Return only the lines from the one containing "Atlantis - Modern" to the end of the entries below, exactly as written, both ends included.
(Material for this task begins)
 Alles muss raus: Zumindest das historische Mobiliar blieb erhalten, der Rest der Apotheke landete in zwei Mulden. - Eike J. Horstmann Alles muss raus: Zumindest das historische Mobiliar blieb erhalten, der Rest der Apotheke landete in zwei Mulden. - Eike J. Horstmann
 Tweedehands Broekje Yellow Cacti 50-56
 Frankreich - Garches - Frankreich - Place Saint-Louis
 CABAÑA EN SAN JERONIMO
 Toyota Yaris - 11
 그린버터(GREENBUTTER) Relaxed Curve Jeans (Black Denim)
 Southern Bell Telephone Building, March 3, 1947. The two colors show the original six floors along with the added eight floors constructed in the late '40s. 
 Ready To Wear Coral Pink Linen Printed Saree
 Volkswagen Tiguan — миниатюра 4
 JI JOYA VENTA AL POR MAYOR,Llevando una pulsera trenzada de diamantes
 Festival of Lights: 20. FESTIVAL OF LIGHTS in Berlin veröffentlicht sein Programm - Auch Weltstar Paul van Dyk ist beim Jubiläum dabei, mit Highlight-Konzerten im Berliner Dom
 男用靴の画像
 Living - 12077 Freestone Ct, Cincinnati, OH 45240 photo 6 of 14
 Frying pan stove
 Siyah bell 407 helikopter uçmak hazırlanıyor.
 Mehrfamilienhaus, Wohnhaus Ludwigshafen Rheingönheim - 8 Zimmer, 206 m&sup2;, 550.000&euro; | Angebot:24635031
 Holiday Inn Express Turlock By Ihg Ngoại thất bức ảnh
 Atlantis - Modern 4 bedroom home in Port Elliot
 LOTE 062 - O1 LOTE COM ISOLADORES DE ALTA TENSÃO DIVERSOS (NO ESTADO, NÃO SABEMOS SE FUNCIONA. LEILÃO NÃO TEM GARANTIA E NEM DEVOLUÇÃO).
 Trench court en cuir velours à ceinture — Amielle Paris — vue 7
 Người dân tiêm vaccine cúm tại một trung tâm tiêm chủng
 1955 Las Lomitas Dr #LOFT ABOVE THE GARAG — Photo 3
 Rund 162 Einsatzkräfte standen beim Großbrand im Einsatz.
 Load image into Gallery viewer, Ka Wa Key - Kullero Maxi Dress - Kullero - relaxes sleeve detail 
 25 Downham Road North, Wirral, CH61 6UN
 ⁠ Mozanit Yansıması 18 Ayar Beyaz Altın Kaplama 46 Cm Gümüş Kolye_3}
(Material for this task ends)
> [Completed task]:
 Atlantis - Modern 4 bedroom home in Port Elliot
 LOTE 062 - O1 LOTE COM ISOLADORES DE ALTA TENSÃO DIVERSOS (NO ESTADO, NÃO SABEMOS SE FUNCIONA. LEILÃO NÃO TEM GARANTIA E NEM DEVOLUÇÃO).
 Trench court en cuir velours à ceinture — Amielle Paris — vue 7
 Người dân tiêm vaccine cúm tại một trung tâm tiêm chủng
 1955 Las Lomitas Dr #LOFT ABOVE THE GARAG — Photo 3
 Rund 162 Einsatzkräfte standen beim Großbrand im Einsatz.
 Load image into Gallery viewer, Ka Wa Key - Kullero Maxi Dress - Kullero - relaxes sleeve detail 
 25 Downham Road North, Wirral, CH61 6UN
 ⁠ Mozanit Yansıması 18 Ayar Beyaz Altın Kaplama 46 Cm Gümüş Kolye_3}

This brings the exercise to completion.